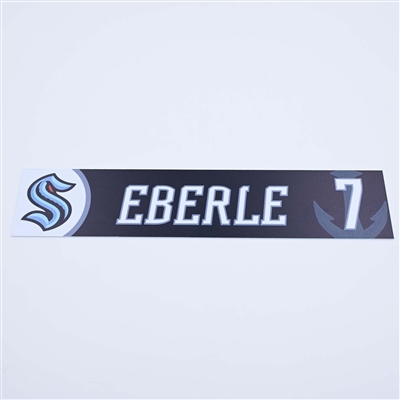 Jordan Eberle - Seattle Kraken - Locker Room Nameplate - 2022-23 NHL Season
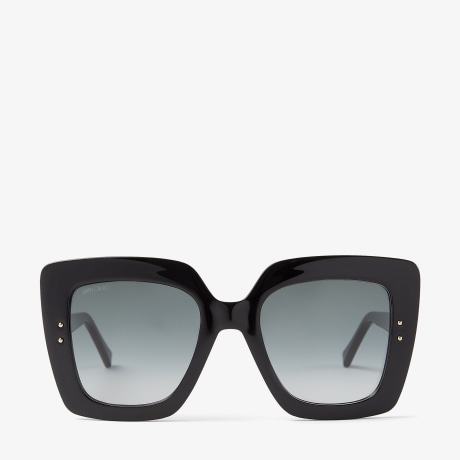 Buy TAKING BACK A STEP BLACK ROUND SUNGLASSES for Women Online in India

...

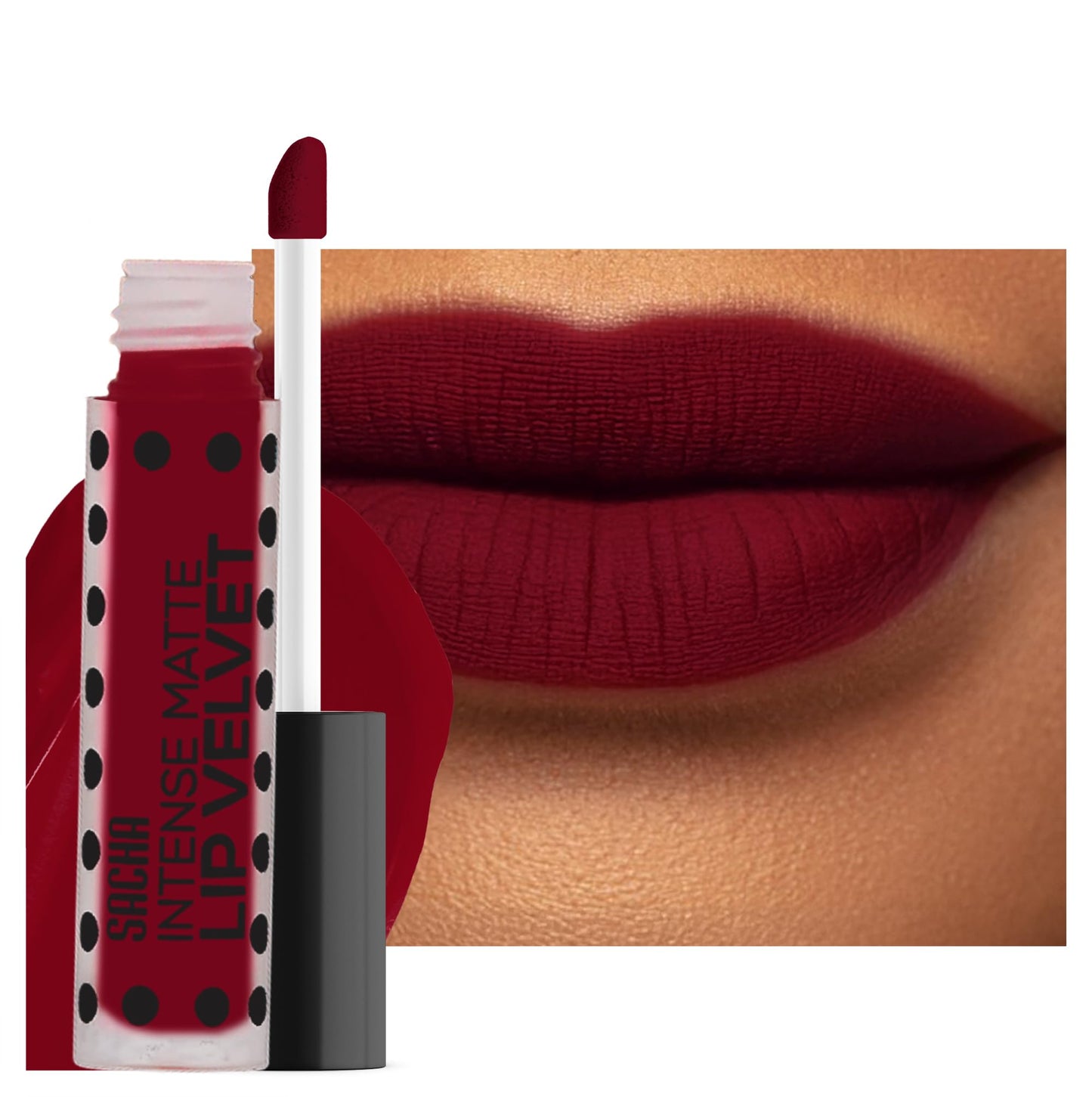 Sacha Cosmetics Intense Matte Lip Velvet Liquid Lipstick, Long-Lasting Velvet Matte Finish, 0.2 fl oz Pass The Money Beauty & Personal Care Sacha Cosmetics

REQUIRED ACTION = If a picture sits between the line containing "Jordan Eberle - Seattle" and the line containing "Buy TAKING BACK", leave it out, and return the lines of that range above exactly, both ends included.

EXPECTED ANSWER =
 Jordan Eberle - Seattle Kraken - Locker Room Nameplate - 2022-23 NHL Season
 Buy TAKING BACK A STEP BLACK ROUND SUNGLASSES for Women Online in India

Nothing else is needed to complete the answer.